Output exactly the lines below, starting with the line that has "Now that I have" and going on through the line that has "This video is", both included, and no other lines.
Available records below:
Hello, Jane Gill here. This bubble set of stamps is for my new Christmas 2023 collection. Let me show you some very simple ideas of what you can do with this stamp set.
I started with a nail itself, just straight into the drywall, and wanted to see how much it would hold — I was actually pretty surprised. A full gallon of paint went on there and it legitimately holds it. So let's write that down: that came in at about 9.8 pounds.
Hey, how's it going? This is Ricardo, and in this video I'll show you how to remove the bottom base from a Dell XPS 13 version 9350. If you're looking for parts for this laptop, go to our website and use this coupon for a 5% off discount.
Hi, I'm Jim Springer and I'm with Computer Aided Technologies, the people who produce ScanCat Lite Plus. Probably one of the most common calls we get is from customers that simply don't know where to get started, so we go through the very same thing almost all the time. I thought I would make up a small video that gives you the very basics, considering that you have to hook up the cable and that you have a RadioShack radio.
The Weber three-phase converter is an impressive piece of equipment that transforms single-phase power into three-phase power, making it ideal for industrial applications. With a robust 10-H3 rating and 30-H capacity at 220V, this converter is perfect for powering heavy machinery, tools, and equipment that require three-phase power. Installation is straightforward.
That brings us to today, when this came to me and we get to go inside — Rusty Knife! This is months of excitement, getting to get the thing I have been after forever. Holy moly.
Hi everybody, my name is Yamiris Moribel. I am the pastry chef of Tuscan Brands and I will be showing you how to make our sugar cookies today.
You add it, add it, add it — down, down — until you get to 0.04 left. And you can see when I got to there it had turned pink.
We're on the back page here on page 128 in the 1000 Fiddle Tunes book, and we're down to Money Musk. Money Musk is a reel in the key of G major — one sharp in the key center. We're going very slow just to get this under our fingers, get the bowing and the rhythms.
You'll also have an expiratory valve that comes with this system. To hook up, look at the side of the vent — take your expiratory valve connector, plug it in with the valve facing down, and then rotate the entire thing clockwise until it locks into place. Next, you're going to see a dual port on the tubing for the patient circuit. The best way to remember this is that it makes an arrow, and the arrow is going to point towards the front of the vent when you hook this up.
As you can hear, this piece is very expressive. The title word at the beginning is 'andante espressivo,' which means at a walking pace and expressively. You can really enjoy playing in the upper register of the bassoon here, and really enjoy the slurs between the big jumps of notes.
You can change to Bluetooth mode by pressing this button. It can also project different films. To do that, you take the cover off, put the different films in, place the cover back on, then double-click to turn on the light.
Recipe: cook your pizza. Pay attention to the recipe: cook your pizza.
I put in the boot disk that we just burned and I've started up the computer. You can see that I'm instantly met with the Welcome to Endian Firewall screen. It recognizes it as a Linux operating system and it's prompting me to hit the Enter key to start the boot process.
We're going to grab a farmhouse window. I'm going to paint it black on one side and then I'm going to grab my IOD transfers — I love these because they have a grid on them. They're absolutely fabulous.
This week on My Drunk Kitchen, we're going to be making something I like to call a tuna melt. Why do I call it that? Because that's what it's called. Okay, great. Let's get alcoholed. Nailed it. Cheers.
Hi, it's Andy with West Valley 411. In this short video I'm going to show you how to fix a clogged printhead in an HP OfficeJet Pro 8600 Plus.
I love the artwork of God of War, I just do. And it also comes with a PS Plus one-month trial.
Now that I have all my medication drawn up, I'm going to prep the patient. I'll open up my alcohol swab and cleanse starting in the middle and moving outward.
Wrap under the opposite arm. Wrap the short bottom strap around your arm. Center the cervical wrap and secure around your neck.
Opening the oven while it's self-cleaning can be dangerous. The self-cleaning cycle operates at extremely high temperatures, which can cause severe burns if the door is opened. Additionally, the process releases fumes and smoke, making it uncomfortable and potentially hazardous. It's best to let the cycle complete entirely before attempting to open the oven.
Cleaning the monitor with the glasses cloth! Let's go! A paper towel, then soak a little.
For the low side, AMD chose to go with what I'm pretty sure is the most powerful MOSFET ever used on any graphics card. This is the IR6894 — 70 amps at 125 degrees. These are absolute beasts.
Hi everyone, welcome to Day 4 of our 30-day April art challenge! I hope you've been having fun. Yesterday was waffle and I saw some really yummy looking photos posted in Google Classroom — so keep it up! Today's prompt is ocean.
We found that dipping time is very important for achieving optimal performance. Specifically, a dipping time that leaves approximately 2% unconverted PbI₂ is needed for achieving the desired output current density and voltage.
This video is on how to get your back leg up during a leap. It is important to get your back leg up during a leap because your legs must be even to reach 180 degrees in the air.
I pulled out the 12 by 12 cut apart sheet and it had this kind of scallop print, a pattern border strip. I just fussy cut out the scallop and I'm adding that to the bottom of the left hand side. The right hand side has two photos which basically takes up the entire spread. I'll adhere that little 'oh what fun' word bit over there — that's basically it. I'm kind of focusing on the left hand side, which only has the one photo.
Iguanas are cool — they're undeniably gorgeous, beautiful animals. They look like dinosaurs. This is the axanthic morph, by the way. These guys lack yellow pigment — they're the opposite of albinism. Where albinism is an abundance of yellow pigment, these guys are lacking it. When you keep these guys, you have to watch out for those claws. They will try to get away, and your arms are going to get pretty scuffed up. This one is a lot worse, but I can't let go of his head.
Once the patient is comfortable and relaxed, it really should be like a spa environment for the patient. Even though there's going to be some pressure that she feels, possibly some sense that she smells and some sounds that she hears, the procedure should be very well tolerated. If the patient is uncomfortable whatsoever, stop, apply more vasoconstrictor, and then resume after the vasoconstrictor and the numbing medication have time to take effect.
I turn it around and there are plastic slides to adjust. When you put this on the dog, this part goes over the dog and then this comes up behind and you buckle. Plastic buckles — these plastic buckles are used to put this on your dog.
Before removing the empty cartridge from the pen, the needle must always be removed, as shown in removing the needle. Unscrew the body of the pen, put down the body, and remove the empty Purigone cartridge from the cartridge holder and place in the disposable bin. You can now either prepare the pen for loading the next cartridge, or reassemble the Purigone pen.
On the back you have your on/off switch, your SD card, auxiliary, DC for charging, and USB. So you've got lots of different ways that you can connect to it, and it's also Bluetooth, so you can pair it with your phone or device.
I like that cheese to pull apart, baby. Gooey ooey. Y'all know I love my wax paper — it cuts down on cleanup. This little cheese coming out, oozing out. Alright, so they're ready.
End of Available records.
■ **Completed exercise**:
Now that I have all my medication drawn up, I'm going to prep the patient. I'll open up my alcohol swab and cleanse starting in the middle and moving outward.
Wrap under the opposite arm. Wrap the short bottom strap around your arm. Center the cervical wrap and secure around your neck.
Opening the oven while it's self-cleaning can be dangerous. The self-cleaning cycle operates at extremely high temperatures, which can cause severe burns if the door is opened. Additionally, the process releases fumes and smoke, making it uncomfortable and potentially hazardous. It's best to let the cycle complete entirely before attempting to open the oven.
Cleaning the monitor with the glasses cloth! Let's go! A paper towel, then soak a little.
For the low side, AMD chose to go with what I'm pretty sure is the most powerful MOSFET ever used on any graphics card. This is the IR6894 — 70 amps at 125 degrees. These are absolute beasts.
Hi everyone, welcome to Day 4 of our 30-day April art challenge! I hope you've been having fun. Yesterday was waffle and I saw some really yummy looking photos posted in Google Classroom — so keep it up! Today's prompt is ocean.
We found that dipping time is very important for achieving optimal performance. Specifically, a dipping time that leaves approximately 2% unconverted PbI₂ is needed for achieving the desired output current density and voltage.
This video is on how to get your back leg up during a leap. It is important to get your back leg up during a leap because your legs must be even to reach 180 degrees in the air.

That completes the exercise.